§ **Dataset items**
────
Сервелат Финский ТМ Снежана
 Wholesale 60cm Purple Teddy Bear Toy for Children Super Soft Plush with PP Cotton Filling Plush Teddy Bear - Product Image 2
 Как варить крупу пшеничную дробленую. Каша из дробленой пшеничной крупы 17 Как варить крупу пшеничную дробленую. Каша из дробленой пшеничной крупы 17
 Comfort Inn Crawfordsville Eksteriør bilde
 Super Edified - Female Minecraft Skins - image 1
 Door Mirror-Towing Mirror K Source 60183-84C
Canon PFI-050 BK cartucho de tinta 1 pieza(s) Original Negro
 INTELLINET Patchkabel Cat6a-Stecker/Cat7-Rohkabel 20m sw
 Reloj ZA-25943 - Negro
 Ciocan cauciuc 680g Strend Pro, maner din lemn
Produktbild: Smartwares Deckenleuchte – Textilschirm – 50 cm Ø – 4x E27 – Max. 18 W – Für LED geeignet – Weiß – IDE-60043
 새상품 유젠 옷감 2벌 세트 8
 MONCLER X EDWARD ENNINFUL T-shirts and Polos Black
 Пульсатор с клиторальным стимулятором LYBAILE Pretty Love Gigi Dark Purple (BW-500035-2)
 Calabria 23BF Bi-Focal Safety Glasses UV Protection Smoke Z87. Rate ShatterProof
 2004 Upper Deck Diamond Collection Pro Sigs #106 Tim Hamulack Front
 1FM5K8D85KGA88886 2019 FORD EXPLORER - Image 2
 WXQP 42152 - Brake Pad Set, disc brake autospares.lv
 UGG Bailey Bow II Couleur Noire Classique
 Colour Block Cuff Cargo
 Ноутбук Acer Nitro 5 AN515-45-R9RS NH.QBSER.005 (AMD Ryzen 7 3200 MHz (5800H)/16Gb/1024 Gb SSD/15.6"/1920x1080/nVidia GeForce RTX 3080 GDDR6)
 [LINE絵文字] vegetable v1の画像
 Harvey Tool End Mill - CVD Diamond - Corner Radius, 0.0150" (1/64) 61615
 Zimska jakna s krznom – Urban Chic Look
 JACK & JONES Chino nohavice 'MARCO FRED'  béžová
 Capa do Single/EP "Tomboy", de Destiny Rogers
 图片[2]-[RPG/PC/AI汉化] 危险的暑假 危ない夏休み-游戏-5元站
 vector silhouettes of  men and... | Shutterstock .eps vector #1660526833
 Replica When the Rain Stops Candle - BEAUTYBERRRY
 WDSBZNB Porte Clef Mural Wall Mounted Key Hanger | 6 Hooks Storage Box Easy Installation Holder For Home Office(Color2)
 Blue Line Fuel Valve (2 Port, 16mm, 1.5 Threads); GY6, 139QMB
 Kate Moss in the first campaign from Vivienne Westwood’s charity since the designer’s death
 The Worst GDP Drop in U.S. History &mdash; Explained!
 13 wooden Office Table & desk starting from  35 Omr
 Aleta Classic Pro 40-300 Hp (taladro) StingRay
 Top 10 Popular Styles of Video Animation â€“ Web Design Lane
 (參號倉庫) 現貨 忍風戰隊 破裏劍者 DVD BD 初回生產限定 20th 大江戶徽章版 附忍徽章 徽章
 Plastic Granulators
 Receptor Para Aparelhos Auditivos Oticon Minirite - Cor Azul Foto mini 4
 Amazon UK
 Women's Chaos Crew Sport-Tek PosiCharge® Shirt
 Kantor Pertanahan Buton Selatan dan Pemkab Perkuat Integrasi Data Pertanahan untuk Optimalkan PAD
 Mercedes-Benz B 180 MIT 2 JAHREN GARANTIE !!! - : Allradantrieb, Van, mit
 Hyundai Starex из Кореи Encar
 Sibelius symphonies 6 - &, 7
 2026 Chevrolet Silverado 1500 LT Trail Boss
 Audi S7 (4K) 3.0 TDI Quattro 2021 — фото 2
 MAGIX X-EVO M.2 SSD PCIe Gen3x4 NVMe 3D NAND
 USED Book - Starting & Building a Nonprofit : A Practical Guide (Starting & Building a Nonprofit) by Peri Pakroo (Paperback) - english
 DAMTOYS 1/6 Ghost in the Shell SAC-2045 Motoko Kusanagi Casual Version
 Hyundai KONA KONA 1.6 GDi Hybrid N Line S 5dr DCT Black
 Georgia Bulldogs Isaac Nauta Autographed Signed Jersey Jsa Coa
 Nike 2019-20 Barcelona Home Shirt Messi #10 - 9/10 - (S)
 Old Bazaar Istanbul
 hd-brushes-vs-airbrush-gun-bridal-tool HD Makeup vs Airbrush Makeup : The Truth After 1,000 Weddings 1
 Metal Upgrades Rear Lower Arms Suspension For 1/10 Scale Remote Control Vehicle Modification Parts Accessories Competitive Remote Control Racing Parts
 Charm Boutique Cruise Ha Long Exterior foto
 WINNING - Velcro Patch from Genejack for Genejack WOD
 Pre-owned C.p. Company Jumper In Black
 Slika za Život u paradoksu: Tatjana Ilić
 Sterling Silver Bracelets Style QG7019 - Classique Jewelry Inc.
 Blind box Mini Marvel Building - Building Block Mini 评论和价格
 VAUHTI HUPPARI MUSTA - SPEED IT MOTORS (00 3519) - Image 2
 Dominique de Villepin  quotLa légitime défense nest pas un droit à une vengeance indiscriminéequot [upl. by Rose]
────
§ **What needs to be done**
Print again the lines of the entries above that fall between the line holding "WDSBZNB Porte Clef" and the line holding "13 wooden Office", inclusive, exactly as they stand.

§ **Your solution**
 WDSBZNB Porte Clef Mural Wall Mounted Key Hanger | 6 Hooks Storage Box Easy Installation Holder For Home Office(Color2)
 Blue Line Fuel Valve (2 Port, 16mm, 1.5 Threads); GY6, 139QMB
 Kate Moss in the first campaign from Vivienne Westwood’s charity since the designer’s death
 The Worst GDP Drop in U.S. History &mdash; Explained!
 13 wooden Office Table & desk starting from  35 Omr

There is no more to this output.